Friday, January 22, 2021

M/s Linkdotnet Telecom Limited, Vs Commissioner Inland Revenue, Unit-23, LTU, Islamabad.

 

APPELLATE TRIBUNAL INLAND REVENUE, DIVISIONAL BENCH-I,

ISLAMABAD

STA No.322/IB/2019

(Tax Period July, 2015 To June, 2016)

********

M/s Linkdotnet Telecom Limited, DHQ-3, Kohistan Road, F-8 Markaz, Islamabad.

 

Appellant

 

VS

 

Commissioner Inland Revenue, Unit-23, LTU, Islamabad.

 

Respondent

 

 

Appellant by

 

Mr. Mansoor Saeed, ITP

Respondent by

 

Mr. Imran Shah, DR

 

Date of hearing

 

21.01.2021

Date of order

 

21.01.2021

O R D E R

M. M. AKRAM (Judicial Member): The titled appeal has been filed by the appellant/registered person against an Order No.16/2019 dated 11.10.2019 passed by the learned CIR (Appeals-I), Islamabad for the Tax Periods July, 2015 to June, 2016 on the grounds as set forth in the memo of appeal.

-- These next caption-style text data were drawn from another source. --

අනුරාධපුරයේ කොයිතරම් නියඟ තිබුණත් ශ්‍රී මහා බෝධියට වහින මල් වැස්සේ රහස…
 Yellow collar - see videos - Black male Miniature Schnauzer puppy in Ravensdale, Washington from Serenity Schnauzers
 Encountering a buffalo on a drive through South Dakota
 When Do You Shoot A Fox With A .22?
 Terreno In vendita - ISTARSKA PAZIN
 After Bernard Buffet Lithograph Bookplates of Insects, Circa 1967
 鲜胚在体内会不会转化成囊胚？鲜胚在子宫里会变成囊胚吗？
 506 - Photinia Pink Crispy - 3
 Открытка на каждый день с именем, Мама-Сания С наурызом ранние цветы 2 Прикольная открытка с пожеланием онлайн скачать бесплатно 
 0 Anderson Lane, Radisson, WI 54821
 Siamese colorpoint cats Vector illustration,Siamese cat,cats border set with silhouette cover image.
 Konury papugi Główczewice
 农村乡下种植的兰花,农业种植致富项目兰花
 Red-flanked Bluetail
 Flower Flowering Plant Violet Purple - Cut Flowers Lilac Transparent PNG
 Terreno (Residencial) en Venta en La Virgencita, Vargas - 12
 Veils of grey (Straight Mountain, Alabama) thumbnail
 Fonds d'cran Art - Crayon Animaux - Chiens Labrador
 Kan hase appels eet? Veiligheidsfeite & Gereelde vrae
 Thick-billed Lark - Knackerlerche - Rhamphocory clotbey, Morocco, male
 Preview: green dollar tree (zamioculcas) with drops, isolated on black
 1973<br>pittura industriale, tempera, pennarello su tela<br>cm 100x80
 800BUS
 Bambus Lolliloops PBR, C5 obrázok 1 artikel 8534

2.       Briefly facts culled out from the record are that the appellant is engaged in telecommunication services and the case of the appellant was selected for audit by the Federal Board of Revenue (FBR) under section 72B of the Sales Tax Act, 1990 (“the Act”) for the tax periods July 2015 to June 2016. During the audit proceedings, certain discrepancies emerged from the record. In consequence thereof, a show-cause notice No.919 dated 26.04.2019 was issued under section 11(2) of the Act. The appellant was confronted with the following issues: -

(i)       Inadmissible input tax on account of non-apportionment of input tax;

(ii)      Non-payment of sales tax on disposal of fixed assets;

(iii)     Inadmissible input tax and

(iv)     Late filing of sales tax returns and late payment of sales tax. 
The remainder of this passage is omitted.